* WHAT THE TASK ASKS *
All of the data that follows should be output again without any alteration.

BEGIN DATA TO EXAMINE

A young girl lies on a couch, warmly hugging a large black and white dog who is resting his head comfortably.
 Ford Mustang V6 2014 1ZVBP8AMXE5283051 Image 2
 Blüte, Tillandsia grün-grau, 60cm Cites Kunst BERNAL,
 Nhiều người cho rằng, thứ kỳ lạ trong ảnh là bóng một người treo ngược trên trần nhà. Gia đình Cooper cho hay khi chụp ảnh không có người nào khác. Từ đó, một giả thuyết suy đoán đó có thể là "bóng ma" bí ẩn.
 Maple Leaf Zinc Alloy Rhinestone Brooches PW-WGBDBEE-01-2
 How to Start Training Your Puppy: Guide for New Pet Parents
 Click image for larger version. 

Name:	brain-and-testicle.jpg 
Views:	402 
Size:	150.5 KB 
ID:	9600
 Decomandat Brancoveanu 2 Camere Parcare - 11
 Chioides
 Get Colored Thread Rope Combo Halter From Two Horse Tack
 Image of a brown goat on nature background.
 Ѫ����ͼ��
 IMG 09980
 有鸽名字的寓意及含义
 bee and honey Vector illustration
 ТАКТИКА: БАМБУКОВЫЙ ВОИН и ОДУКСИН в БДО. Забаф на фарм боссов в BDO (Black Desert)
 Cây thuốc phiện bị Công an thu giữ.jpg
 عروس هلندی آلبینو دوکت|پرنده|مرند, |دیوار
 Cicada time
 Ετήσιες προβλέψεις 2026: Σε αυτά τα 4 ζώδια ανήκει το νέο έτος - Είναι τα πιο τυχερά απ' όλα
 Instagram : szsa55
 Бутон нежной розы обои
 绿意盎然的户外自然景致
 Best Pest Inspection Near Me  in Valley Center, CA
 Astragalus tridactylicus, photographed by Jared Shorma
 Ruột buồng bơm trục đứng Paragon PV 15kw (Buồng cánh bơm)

END DATA TO EXAMINE

* RESULT BELOW *
A young girl lies on a couch, warmly hugging a large black and white dog who is resting his head comfortably.
 Ford Mustang V6 2014 1ZVBP8AMXE5283051 Image 2
 Blüte, Tillandsia grün-grau, 60cm Cites Kunst BERNAL,
 Nhiều người cho rằng, thứ kỳ lạ trong ảnh là bóng một người treo ngược trên trần nhà. Gia đình Cooper cho hay khi chụp ảnh không có người nào khác. Từ đó, một giả thuyết suy đoán đó có thể là "bóng ma" bí ẩn.
 Maple Leaf Zinc Alloy Rhinestone Brooches PW-WGBDBEE-01-2
 How to Start Training Your Puppy: Guide for New Pet Parents
 Click image for larger version. 

Name:	brain-and-testicle.jpg 
Views:	402 
Size:	150.5 KB 
ID:	9600
 Decomandat Brancoveanu 2 Camere Parcare - 11
 Chioides
 Get Colored Thread Rope Combo Halter From Two Horse Tack
 Image of a brown goat on nature background.
 Ѫ����ͼ��
 IMG 09980
 有鸽名字的寓意及含义
 bee and honey Vector illustration
 ТАКТИКА: БАМБУКОВЫЙ ВОИН и ОДУКСИН в БДО. Забаф на фарм боссов в BDO (Black Desert)
 Cây thuốc phiện bị Công an thu giữ.jpg
 عروس هلندی آلبینو دوکت|پرنده|مرند, |دیوار
 Cicada time
 Ετήσιες προβλέψεις 2026: Σε αυτά τα 4 ζώδια ανήκει το νέο έτος - Είναι τα πιο τυχερά απ' όλα
 Instagram : szsa55
 Бутон нежной розы обои
 绿意盎然的户外自然景致
 Best Pest Inspection Near Me  in Valley Center, CA
 Astragalus tridactylicus, photographed by Jared Shorma
 Ruột buồng bơm trục đứng Paragon PV 15kw (Buồng cánh bơm)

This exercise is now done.